Love, as though it was your last moment to give His love away….”
These words to live by from my Dad, passed through my mind as the mundane task of running to Kroger brought a slumped over posture inside of me.
It had been a wonderful morning at church, followed by lunch, and a nap would have really completed the day so nicely. But when you run out of toilet paper, there is no option of going tomorrow.
As the automatic doors opened I silently whispered to Father… “I’m looking for you, I’m listening….” and made my way to a beautiful pile of ripe tomatoes that was not on my list.
Keeping my eye on the perfect ones I wanted, I waited as a woman on the other side of the pile struggled with the plastic bag dispenser. I quickly realized that her difficultly in finding the perforated line gave Father some time to prepare His way in me.
He immediately struck me with His beauty displayed in her…. her straight, jet black hair that still graced her face amidst the exhaustion of her day that began by readying herself and her three daughters (all under the age of 6) in their Sunday best.
Now flooded by His heartbeat, I reached out and pulled the bag. In handing it to her, I recognized the deep pain and loneliness by her response that was so hungry to have a conversation.
So glad to see an uplifted spirit and a smile on her face, we then parted ways. But as I gathered my attention to the avocados, Father corrected me…”You didn’t tell her specifically what I impressed you with…”
Not realizing at the time, that it was more important than just having a great connection, I collected what I needed while praying that Father would allow me to pass by her one more time.
Sure enough, as I rounded the corner at the milk, she stood expressionless in front of the meat department. Maybe pondering which cut was best, maybe struggling to have a clear thought between the random questions from her sweet girls, or maybe, she was so vacant inside she was searching to just have any thought at all….
Coming from behind, I broke in on her vacancy with my hand on her back. “Ma’am, I want to tell you the first thing that came to me when I saw you.”
With just my beginning words, “I was so struck by how beautiful God made you…” tears began to run down her face as she drank in all that Father gave me to share.
Confirming to me that it was important to speak exactly what God wanted, she responded, “I needed to hear those specific words…. I am in the middle of a divorce….”
Oh Father, thank you for the grace to even follow you – The Good Shepherd, thank you for wrecking my heart with your love poured out, thank you that we ran out of toilet paper….

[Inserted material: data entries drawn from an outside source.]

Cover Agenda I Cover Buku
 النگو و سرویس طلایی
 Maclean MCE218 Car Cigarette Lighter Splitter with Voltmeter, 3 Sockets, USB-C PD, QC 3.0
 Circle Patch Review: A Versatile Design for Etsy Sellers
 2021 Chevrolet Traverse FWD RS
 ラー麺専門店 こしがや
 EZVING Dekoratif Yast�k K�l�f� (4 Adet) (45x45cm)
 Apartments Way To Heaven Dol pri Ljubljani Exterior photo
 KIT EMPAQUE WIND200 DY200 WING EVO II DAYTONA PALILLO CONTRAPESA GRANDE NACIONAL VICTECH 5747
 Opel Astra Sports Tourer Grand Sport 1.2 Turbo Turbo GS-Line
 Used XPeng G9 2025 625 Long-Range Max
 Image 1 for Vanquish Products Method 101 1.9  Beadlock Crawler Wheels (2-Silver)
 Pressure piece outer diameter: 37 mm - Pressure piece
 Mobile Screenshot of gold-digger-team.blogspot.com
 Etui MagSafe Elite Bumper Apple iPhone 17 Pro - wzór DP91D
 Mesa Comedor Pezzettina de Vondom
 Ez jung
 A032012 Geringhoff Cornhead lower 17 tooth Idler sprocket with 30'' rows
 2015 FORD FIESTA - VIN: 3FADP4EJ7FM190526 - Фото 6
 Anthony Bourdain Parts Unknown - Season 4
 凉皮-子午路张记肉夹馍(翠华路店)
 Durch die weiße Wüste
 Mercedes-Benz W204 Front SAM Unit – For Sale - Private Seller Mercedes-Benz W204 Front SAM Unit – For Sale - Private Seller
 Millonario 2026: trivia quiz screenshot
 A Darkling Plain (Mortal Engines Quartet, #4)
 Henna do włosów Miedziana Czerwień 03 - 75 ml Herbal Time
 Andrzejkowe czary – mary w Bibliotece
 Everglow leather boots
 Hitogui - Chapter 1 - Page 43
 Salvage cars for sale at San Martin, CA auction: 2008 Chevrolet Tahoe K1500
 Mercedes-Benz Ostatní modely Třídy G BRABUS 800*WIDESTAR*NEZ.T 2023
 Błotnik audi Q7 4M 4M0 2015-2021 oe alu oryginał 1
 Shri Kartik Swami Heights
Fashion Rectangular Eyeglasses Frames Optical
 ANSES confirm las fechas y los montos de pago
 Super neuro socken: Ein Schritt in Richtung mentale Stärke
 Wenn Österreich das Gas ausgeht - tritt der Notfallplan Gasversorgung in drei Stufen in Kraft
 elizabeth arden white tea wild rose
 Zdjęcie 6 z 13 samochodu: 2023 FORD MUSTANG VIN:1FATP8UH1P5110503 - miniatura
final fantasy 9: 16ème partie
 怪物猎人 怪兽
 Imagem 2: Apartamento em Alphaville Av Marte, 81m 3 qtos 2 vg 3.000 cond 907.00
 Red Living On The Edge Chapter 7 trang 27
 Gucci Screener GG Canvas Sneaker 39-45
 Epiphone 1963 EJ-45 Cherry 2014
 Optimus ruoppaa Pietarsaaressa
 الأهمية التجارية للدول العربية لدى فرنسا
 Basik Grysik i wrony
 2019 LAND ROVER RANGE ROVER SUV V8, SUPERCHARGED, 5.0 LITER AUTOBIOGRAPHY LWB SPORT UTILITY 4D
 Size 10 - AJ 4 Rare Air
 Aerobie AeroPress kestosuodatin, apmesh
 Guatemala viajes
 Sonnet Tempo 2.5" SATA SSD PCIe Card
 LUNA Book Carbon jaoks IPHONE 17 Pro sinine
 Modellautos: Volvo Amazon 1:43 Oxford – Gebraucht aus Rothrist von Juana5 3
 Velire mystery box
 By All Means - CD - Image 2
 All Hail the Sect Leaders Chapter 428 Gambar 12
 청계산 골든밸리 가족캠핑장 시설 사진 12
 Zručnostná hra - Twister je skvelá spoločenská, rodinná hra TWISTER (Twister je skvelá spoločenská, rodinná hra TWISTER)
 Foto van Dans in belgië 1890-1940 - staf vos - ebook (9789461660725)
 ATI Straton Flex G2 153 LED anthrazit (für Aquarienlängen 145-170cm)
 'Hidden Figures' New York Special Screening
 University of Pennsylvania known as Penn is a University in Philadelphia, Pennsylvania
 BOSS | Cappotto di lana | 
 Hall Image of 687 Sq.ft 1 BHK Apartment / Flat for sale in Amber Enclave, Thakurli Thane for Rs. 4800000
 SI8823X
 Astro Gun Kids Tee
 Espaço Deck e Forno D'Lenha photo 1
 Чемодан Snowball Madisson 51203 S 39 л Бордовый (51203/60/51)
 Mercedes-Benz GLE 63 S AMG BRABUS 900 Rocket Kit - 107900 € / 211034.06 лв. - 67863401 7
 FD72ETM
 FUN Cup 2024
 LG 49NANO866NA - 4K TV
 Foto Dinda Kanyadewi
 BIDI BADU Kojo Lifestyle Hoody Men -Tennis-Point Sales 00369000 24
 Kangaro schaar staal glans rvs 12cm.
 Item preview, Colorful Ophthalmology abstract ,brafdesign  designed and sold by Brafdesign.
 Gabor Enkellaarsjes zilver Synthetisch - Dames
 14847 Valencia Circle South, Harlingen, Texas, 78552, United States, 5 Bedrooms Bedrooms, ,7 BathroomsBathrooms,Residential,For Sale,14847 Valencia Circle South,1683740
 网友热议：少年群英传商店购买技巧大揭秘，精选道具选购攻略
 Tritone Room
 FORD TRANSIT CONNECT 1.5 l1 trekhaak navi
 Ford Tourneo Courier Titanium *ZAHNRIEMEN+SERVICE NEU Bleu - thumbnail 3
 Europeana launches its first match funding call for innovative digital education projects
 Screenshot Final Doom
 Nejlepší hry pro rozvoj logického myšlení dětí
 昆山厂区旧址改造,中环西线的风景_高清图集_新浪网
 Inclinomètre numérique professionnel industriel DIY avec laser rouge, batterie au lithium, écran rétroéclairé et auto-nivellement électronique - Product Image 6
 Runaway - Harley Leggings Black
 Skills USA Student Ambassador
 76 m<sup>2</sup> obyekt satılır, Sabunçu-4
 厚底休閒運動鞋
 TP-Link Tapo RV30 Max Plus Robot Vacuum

Not that I am doing it well, but I am so convicted by the truth that our lives in Christ are to be lived out through the all-powerful, chain dropping, captive freeing LOVE of God that was poured out for us, and that it is to be the sole purpose of our existence.
For this reason, I must ask the questions that I pose to myself everyday:
Who do I want to be today, no matter what anyone else is doing around me?
Do people around me, SEE the love of Jesus?
Has my “doing” for Him, replaced my “abiding” in His love of me?
Is God’s love of me the power source of all that I do?
Father God, I just want to set my sights on you today…. and let the power of your love, the same love that was poured out through your Son on the cross and the power that raised Him from the dead that now lives in me…. let it invade me and become all that I am, all that I seek, all that comes out of me…. and in that alone, I will fulfill ALL that you have set me forth to do.